_TASK INSTRUCTIONS_
Copy word for word, please, the lines of the entries below running from the one containing "Sensory Pathway Exam Questions - Page 1" to the one containing "Pañuelos faciales decorativos", both ends included.

--- DATA FOR ANALYSIS Enclosed Below ---

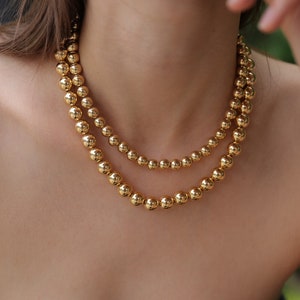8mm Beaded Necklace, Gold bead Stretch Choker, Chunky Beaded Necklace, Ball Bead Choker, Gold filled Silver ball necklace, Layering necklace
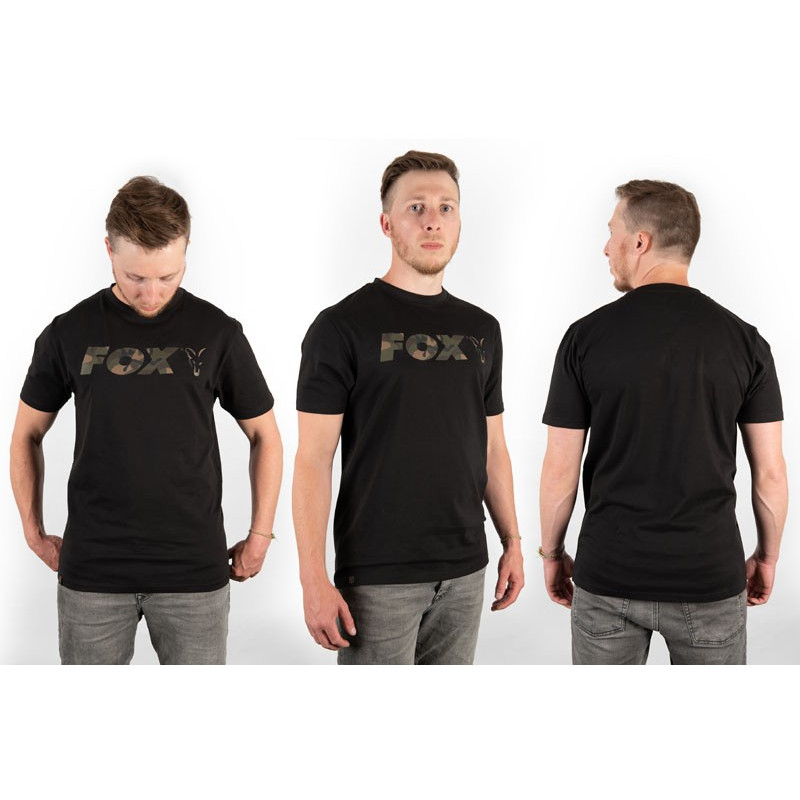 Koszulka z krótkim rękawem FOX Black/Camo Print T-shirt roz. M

--- End of Enclosed DATA FOR ANALYSIS ---
--- DATA FOR ANALYSIS Enclosed Below ---

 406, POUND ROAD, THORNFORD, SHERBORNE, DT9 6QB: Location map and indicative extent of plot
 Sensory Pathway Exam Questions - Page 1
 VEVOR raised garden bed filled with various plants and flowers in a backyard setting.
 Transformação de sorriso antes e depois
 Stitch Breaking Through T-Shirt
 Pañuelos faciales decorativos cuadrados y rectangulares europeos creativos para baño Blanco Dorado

--- End of Enclosed DATA FOR ANALYSIS ---

_OUTPUT FOR THIS EXERCISE_
 Sensory Pathway Exam Questions - Page 1
 VEVOR raised garden bed filled with various plants and flowers in a backyard setting.
 Transformação de sorriso antes e depois
 Stitch Breaking Through T-Shirt
 Pañuelos faciales decorativos cuadrados y rectangulares europeos creativos para baño Blanco Dorado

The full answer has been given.